When you reach the line containing "torpedo-boat-5613" in the data below, begin returning lines exactly as written, and stop once the line containing "QR Code for" has been returned.

━━ RECORDS TO PROCESS

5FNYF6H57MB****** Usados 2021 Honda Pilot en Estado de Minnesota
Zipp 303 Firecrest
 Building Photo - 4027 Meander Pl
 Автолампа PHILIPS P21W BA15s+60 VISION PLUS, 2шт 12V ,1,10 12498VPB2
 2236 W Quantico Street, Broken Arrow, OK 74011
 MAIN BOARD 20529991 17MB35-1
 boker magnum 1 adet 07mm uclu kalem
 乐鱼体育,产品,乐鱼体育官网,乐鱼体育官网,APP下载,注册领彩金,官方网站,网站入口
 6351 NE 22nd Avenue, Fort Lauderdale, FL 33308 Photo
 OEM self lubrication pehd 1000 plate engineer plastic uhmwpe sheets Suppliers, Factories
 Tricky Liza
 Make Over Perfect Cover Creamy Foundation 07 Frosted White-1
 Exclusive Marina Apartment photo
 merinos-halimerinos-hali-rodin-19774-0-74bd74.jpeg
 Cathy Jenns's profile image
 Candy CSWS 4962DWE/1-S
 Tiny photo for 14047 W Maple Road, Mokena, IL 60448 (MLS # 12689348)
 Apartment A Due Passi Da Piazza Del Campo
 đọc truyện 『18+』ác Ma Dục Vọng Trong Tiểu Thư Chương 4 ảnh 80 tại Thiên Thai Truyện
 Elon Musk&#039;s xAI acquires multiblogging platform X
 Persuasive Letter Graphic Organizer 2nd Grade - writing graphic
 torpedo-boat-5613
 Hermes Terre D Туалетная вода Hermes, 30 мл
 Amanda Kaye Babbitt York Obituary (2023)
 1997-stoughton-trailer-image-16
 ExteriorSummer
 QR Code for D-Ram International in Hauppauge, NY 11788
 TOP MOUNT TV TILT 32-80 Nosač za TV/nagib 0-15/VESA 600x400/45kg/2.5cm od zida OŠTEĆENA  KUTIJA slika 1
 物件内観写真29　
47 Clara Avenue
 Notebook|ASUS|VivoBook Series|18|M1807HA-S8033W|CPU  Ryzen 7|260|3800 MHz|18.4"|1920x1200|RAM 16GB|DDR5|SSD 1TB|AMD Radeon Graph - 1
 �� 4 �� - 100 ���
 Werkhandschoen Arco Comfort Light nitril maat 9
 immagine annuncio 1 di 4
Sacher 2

━━━━

__WRITTEN SOLUTION__.
 torpedo-boat-5613
 Hermes Terre D Туалетная вода Hermes, 30 мл
 Amanda Kaye Babbitt York Obituary (2023)
 1997-stoughton-trailer-image-16
 ExteriorSummer
 QR Code for D-Ram International in Hauppauge, NY 11788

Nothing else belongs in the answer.